Природа определяет и цветовую символику. Например, для народов экваториальной Африки недействительны индоарийские соответствия: добра, идеала, истины – цвету белому, а зла, «низменного», лжи – цвету черному, так что выражение типа «черная неблагодарность» там будет восприниматься как противоестественное, как оксюморон, вроде «благодетельное зло», а восклицание Отелло «Черен я!» может быть понято не трагически, а одически, как самовосхваление.

Итак, первое, очевидно напрашивающееся соображение: национальное в народе есть как бы почва его исторического развития, ему предшествует, в то время как история есть выравнивание народов. Следовательно, чтобы доискаться до национального, надо погружаться в древность, в «доисторическую» эпоху народов, а жизнь национального в последующие века есть сохранение «завета», так что радеющий о национальном своеобразии должен заботиться о консервации, о замедлении исторического развития, ограничении влияний со стороны и контактов с другими культурами. Так, русский мыслитель конца XIX в. Константин Леонтьев предлагал «подморозить Россию», чтобы удержать ее в состоянии «цветущей сложности», которой она достигла к этому времени.

Однако изучение быта и мышления, мифов первобытных народов, проделанное наукой XX века (Тэйлор, Фрэзер, Леви-Брюль, Леви-Стросс и др.), обнаружило следующее парадоксальное соотношение: чем глубже погружаться в древность народов и их воззрений, тем более на одно лицо начинают они выглядеть. Сходные орудия производства: топор, игла, колесо; аналогичные системы кровнородственных отношений; однотипные мифы о происхождении неба, земли, солнца, человека и т. п. Разнообразие, выходит, не на этом, древнейшем, уровне начинается, и, может быть, именно история создает лицо народа?

Действительно, фундамент истории есть история его труда по преобразованию природы, среди которой он живет. Это двуединый процес: человек пропитывает окружающую природу собой, своими целями, осваивает ее – и одновременно пропитывает себя, всю свою жизнь, быт (дома из камня или дерева, или из песка; одежда, пища из чего?), все свое тело и опосредованно душу и мысль – ею. Приспособление природы к себе есть одновременно гибкое и виртуозное приспособление данного коллектива людей к природе. Так что КУЛЬТУРА есть прилаженность – человека, народа, всего натворенного ими, выплетенного за срок жизни и историю, – к тому варианту ПРИРОДЫ, который ему дан (и которому он придан, человек и народ, как соответствующая ему порода существ) на любовно-супружескую жизнь в браке и на взаимопроникновение. И как жена – не рукавица, не скинешь, так и природа – народу: нельзя ее произвольно сменить без потери народом своей субстанциальной сути. Национальный Космос есть ПРИРОДИНА Народу. Культура же есть разработанная за жизнь человека и за историю народа техника, инструментарий любви, объятий Народом Природины своей и всего разного, что на ней. Нарты, юрта, домна, трактор, самолет – все это способы общения и взаимопроникновенного сожительства в любови.

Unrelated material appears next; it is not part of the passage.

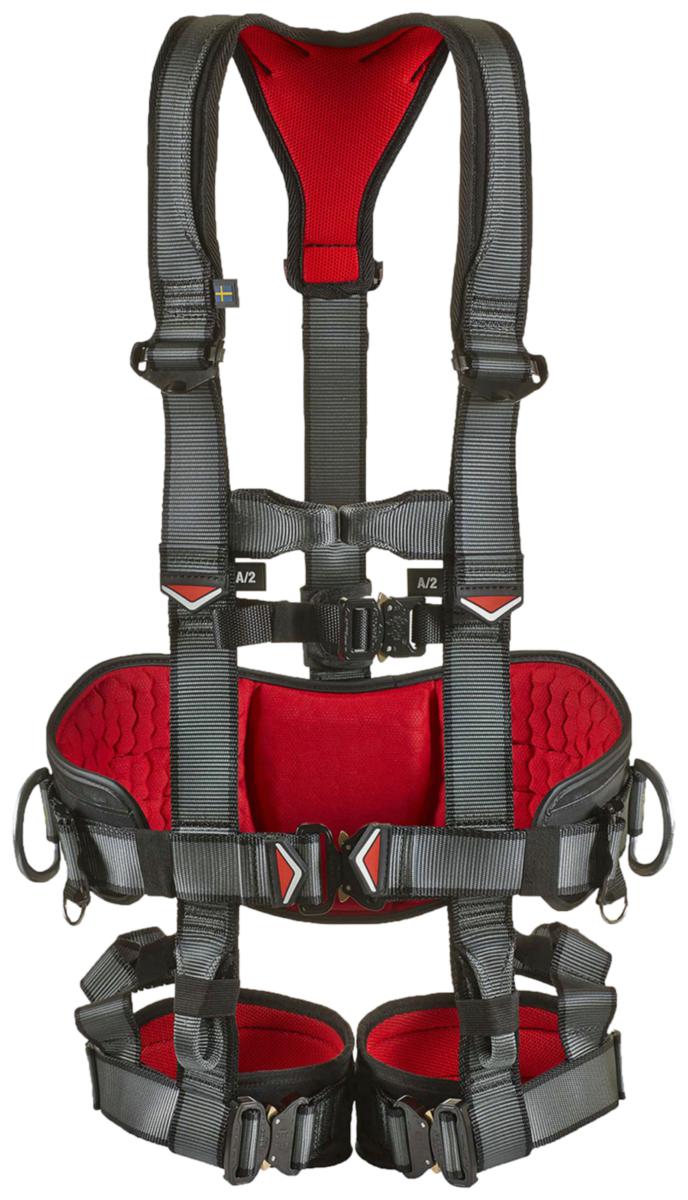 Turvavaljas Cresto Energy Pro 1136 - KOKOVALJAS CRESTO 1136 M CRESTO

Итак, если Культура есть любовь Народа к Природе своей в супружестве Истории, то Природа ему выходит – и мать, и жена, и дитя родимое, взращиваемое и воспитываемое. По древним мифам, Земля (Гея эллинов) рождала себе Небо (Уран) в супруги, который таким образом оказывался и сыном, и мужем. Народ же есть при Природине своей ей сын и муж, и родитель. Ибо возделанная Природа есть уже чадо, «инобытие» Народа, зеркало его души, материализация его духа и характера. Через Труд Народ-сын становится супругом и отцом Природине своей. Культура же лежит-простирается как овеществление и одухотворение их совместной семейной жизни.

Выходит, национальное есть итог исторического развития народа. Человек современный более национально своеобразен, чем древний. Достоевский – более русский, чем князь Игорь, Генри Форд более американец, чем Джордж Вашингтон, генерал де Голль более француз, чем рыцарь Роланд и т. д. Следовательно, радеющий о национальном своеобразии должен заботиться о прогрессе, об интенсивном развитии производства и техники, о цивилизации и культуре, о максимальном общении с другими народами, ибо лишь в ходе контактов и сравнений обнаруживается и шлифуется свое – то, чего нет у других.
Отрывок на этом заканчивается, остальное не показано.